Mais le sujet de la diversité nécessite une approche délicate. Réaliser ou nommer les différences de plusieurs groupes peut contribuer à agrandir le fossé entre ces derniers : chacun s’allie alors autour de ses ressemblances pour éviter celles des autres. Rendre les différences unificatrices devient alors un défi difficile à relever : chez des étudiants pour qui le langage MATLAB constitue déjà un casse-tête, résoudre des problèmes par ceux partageant le même langage est certainement plus facile et plus efficace… Un comité de l’École Polytechnique, pourtant, ose.
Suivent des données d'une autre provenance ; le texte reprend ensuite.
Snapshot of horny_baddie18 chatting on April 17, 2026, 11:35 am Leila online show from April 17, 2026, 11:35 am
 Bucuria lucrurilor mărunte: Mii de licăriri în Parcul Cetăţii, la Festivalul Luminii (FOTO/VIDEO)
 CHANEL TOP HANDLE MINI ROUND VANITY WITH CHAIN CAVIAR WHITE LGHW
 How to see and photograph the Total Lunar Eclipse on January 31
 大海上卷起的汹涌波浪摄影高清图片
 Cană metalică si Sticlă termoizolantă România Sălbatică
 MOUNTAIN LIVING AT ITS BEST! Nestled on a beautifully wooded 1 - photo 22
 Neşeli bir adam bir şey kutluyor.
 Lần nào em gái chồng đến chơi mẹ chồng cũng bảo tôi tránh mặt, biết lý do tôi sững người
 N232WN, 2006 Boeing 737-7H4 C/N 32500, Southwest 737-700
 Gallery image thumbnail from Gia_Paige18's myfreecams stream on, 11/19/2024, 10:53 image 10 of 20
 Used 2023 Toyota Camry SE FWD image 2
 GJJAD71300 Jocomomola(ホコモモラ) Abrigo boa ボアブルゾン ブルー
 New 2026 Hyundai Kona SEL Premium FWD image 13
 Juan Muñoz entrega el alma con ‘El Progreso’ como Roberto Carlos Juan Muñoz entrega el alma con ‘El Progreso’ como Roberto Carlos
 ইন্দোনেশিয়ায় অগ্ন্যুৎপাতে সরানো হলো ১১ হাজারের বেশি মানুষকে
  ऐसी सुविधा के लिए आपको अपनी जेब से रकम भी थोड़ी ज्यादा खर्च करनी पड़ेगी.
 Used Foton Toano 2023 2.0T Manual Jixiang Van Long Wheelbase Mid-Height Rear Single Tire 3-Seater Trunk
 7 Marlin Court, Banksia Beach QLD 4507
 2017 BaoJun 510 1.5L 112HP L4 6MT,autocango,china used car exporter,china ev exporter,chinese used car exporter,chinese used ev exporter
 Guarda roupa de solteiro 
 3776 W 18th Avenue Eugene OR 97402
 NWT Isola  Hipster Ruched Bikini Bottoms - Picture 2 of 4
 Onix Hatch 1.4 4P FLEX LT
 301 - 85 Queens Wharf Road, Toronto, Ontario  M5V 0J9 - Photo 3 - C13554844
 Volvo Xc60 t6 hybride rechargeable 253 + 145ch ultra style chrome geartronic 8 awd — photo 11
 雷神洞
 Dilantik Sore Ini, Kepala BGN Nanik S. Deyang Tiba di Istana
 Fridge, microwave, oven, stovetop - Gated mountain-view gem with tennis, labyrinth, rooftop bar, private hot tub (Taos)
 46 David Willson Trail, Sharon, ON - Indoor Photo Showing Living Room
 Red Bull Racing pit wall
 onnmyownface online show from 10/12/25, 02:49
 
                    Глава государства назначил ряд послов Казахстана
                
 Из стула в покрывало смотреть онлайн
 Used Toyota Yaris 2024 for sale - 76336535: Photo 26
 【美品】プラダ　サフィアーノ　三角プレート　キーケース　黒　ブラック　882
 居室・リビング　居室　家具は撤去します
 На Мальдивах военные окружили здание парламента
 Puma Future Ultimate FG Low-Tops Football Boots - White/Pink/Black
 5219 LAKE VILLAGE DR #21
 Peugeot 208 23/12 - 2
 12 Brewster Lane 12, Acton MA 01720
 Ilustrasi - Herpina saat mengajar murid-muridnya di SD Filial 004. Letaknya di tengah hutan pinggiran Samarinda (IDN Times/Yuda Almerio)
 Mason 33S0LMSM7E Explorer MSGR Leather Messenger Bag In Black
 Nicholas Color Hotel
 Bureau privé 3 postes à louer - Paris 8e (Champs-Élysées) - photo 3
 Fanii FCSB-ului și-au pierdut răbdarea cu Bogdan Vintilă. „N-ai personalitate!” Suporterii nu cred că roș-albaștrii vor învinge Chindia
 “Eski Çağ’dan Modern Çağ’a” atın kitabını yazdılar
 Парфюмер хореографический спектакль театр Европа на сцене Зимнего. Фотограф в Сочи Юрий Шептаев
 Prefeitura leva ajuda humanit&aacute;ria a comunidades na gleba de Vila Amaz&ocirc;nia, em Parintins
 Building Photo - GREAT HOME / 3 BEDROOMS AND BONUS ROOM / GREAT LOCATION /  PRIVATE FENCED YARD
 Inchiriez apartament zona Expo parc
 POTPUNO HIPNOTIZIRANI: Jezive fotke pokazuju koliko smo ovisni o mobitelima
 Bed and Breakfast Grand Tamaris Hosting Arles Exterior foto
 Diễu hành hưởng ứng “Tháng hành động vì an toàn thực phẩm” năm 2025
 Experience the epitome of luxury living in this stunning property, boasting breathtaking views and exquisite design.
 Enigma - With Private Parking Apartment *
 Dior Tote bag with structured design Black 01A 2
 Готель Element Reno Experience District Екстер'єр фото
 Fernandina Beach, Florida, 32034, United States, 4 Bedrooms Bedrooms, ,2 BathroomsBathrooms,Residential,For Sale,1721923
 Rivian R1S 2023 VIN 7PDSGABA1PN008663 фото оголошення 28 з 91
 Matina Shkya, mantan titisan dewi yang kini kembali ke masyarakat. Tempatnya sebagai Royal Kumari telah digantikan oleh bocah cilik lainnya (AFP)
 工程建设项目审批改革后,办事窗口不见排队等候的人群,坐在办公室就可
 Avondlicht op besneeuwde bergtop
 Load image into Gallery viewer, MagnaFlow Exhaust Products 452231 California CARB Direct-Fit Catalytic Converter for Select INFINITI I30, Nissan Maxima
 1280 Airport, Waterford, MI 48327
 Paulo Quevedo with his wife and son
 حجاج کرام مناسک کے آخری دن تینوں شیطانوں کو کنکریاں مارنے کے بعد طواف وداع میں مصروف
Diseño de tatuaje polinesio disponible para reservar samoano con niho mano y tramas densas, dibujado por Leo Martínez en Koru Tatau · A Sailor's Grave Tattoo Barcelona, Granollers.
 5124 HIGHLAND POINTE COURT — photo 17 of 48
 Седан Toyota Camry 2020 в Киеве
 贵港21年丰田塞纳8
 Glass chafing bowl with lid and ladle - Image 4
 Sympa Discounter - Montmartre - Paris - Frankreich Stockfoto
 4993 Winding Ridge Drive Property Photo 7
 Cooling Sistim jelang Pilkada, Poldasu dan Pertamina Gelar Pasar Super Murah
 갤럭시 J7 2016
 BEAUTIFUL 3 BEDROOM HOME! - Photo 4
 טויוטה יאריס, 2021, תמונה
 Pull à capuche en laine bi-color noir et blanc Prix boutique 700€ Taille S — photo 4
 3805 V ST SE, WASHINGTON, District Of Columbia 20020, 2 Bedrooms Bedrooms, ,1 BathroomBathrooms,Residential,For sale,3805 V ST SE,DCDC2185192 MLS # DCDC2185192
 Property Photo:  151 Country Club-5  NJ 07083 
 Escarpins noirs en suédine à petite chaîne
Quelques mois seulement après sa fondation, l’objectif ultime de celui-ci fut atteint : présenter dans un seul espace, plusieurs nationalités différentes aux polytechniciens, et ceci dans une atmosphère bien loin de celle des relations prof à élève des salles de classes. L’ambiance de fête dans laquelle s’échangeaient les informations entre étudiants-exposants et sur la même ligne au deuxième étage du pavillon principal ainsi que la salle remplie de l’Amphithéâtre-Bell où la diversité s’exprimait par la musique, les chants et la danse, prouvent que Polytechnique était assoiffée de culture. Le 30 et 31 mars 2006 a eu lieu à l’Ecole Polytechnique un événement auparavant jamais réalisé. Jeune de quelques mois, après s’être battu pour la reconnaissance et la justification de ses objectifs, ce comité de l’Ecole Polytechnique fut récompensé : « La première édition des Journées Interculturelles » s’affirma avoir été une grande réussite et fut en nomination, pour le titre de « meilleure activité de l’année ».

La culture ne s’arrête pas aux discours ou aux observations à distance. Elle doit être touchée, écoutée, goûtée, embrassée par tous les sens. Un étudiant en génie, dont presque chaque cours est flanqué d’un lab de deux heures, sait qu’expérimenter rapproche le théorique de la réalité et augmente du même coup l’intérêt pour la matière (C++ étant l’exception qui confirme la règle !!!). PolyCultures le comprend et a réitéré ce concept par ses autres activités telles les LIGNES ET ACCORDS où plus d’une vingtaine de peintres, de musiciens, de chanteurs et d’écrivains de l’École Polytechnique ont été présentés a la communauté, le carnaval du monde MASKARADE et l’ambiance chaude du sud CALIENTE, organisées en collaboration avec le Pub, où musique et mets ont pu être découverts dans un décor exotique.
« Faire de Polytechnique un espace où tous les couloirs mènent à un seul carrefour rassembleur » eut à dire un membre de PolyCultures pour décrire son objectif. Cette affirmation peut avoir l’air de slogan de campagne d’un candidat de présidentielle, mais elle ouvre pourtant l’esprit à nombreuses possibilités, plus précisément à 81. Cette année, PolyCultures invite les étudiants de Polytechnique à joindre ses rangs pour réaliser ce projet, principalement par « la troisième édition des Journées Interculturelles » cet automne et par ArenA, solide compétition de divers styles de dance en hiver 2009. Il est possible de montrer, ensemble, encore une fois, que la diversité peut être unificatrice et que Génie et Culture : C’EST COMPATIBLE!!!